Lia – Capítulo 64

Oi, fofinha.

Tudo bem?

Engraçado, né? Escrever uma carta pra você. A formalidade da ideia de uma carta. “Tudo bem?”. Até uma coisa dessas que a gente se diz todo dia de uma hora pra outra parece que fica meio sem jeito, meio duranga.

É estranho até eu precisar escrever uma carta pra você. Sentir a necessidade de conversar com você assim desse jeito. Acho que a gente nunca passou tanto tempo sem se ver, né? Ainda que a gente continue se falando. Ainda que a gente não se perca. Mas, puxa, eu ando com tanta saudade de te ver de verdade, de te dar uns apertos. Sentir o cheiro do teu cabelo.

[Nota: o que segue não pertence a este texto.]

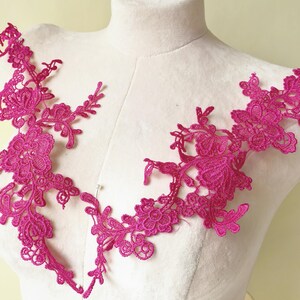 May include: Two pieces of fuchsia lace trim, featuring floral and leaf patterns. The lace is displayed on a white dress form, showcasing the intricate details and openwork design. Ideal for embellishing garments or craft projects.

Eu sei também… eu também sei que a gente tem evitado até dizer essas coisas. Eu digo “a gente” porque fico aqui imaginando que você pensa igual. Tem a mesma saudade. A gente sabe que é o passo da vida nesse momento, e que se eu ficar aqui me lamuriando do quanto sinto falta do tempo que a gente se via todo dia, o dia inteiro, eu vou só piorar a situação e criar assim meio que uma camada de tristeza. É a vida, né?

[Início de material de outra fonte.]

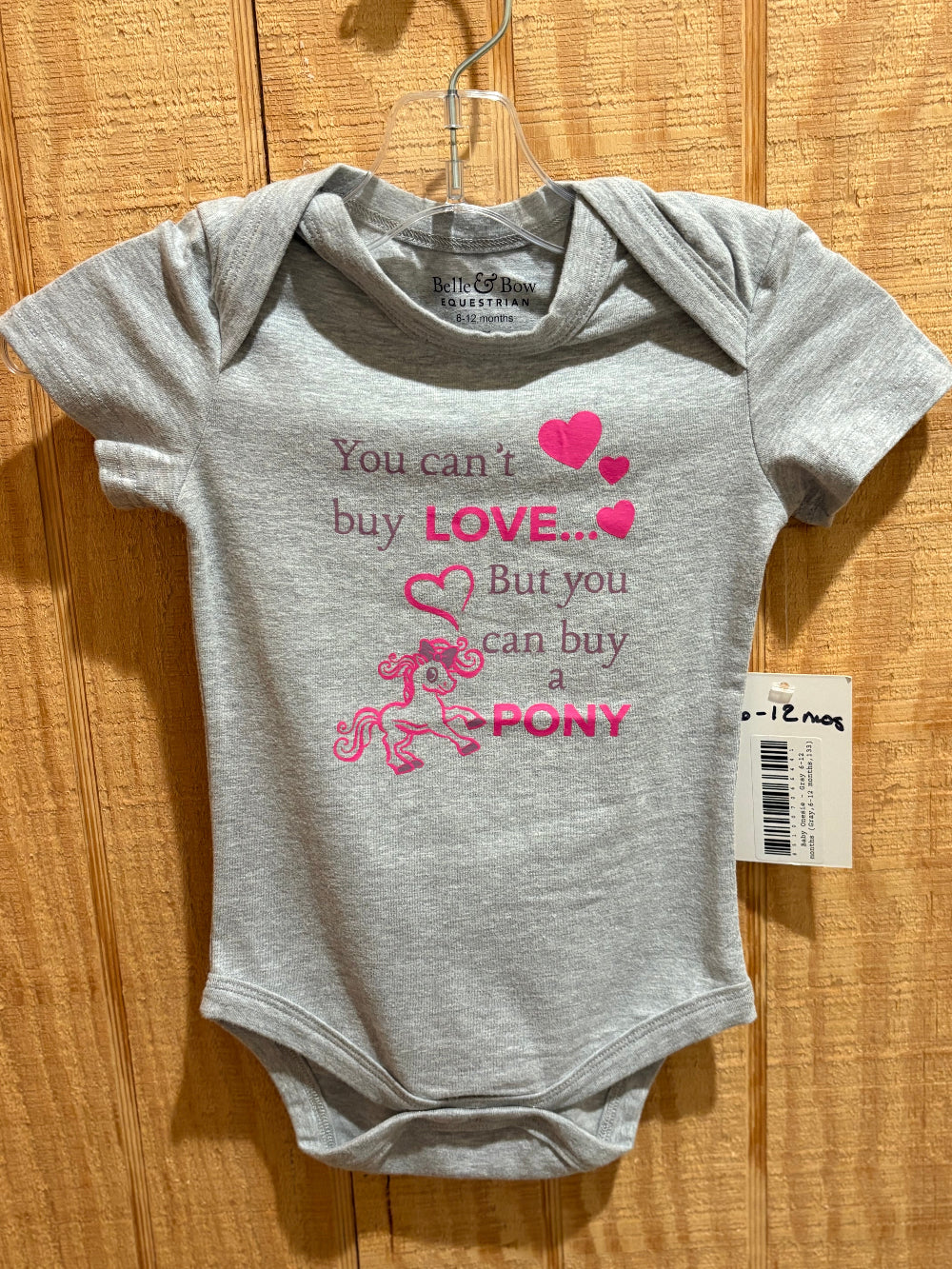 Grey baby onesie with a pony graphic and the words "You can't buy LOVE but you can buy a pony"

As coisas que acontecem com a gente.

Cobrir o mundo inteiro de couro sai muito caro. Mais fácil calçar sapato. Ou deixar a pele engrossar de tanto dar topada!

Enfim, saudade grande de você, minha filha.

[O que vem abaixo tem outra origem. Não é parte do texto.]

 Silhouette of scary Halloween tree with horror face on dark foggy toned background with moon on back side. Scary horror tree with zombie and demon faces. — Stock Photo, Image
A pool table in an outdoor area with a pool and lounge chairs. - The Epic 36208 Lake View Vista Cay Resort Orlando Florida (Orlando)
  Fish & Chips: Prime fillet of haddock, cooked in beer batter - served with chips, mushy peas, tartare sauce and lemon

Mas, ao mesmo tempo, queria só te dizer o quanto eu estou feliz (e essa parte talvez eu até envie mesmo) de ver você aí de pé, cuidando da vida, morando no teu apartamento. Como ficou bonitinho o teu apartamento! Não sei de onde você tirou esse bom gosto todo!

Hahahahahaha.

Só de saber que você está aí por conta própria, cuidando das coisas, pagando as contas, fechando a porta, quando volta do trabalho (você tem um emprego, fofinha!), e passando teu tempo no teu mundo, aí bem isolada nesse décimo-quinto andar, na tua torre, no teu apartamentinho pequeninho e tão bonito… puxa… me deixa com uma sensação tão boa. Com uma admiração tão grande por você. Pela tua capacidade de se pôr de pé, de lidar com as coisas, de manter tua cabeça em ordem, clara.

Eu sempre soube que você era melhor que eu. Mais adulta, mesmo quando ainda era criança.

Mas ver isso acontecendo todo dia, ver as pessoas descobrindo isso também, ver o mundo confirmando que sim, que a minha menina agora é uma mulher, eficiente, interessante, encantadora… de novo… é uma das maiores felicidades da minha vida.

E é meio que o bônus, né?

Porque eu só posso sentir tudo isso, e você só pode provar pra você mesma e pra o mundo inteiro o quanto você é capaz, se você estiver aí na tua torre, longe de mim. Se você estiver dando esse passo. Olhando o mundo bem de cima e entendendo tudo.

E eu fico aqui com uma sensação de que isso é só um período esquisito. Uma coisa a mais. Que vai passar, claro que vai. Vai virar ainda outra situação nova. Mas vai deixar ainda mais forte essa sensação de alegria de ter visto você ir pra longe de mim.

Sim!

Alegria também. De confirmar que o teu castelo de cartas não precisa mais da minha mão… que eu posso ir afastando o último dedo enquanto a torre fica de pé.

Sem mim.

Bem alta, bem firme, bem linda.

É.

Essa parte talvez eu até envie mesmo, fofinha.